Only the lines from the one with "Photo - 2965 Pharr Ct S Northwest" to the end of the records are wanted, each repeated exactly, both ends included.
___
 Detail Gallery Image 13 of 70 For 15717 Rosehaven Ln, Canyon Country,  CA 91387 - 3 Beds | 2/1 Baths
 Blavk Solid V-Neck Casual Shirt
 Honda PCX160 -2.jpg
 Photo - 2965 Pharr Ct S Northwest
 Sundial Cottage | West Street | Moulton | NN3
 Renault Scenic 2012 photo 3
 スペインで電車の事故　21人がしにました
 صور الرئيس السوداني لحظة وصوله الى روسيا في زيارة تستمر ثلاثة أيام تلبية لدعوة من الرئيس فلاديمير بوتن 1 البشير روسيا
___
RESPONSE
 Photo - 2965 Pharr Ct S Northwest
 Sundial Cottage | West Street | Moulton | NN3
 Renault Scenic 2012 photo 3
 スペインで電車の事故　21人がしにました
 صور الرئيس السوداني لحظة وصوله الى روسيا في زيارة تستمر ثلاثة أيام تلبية لدعوة من الرئيس فلاديمير بوتن 1 البشير روسيا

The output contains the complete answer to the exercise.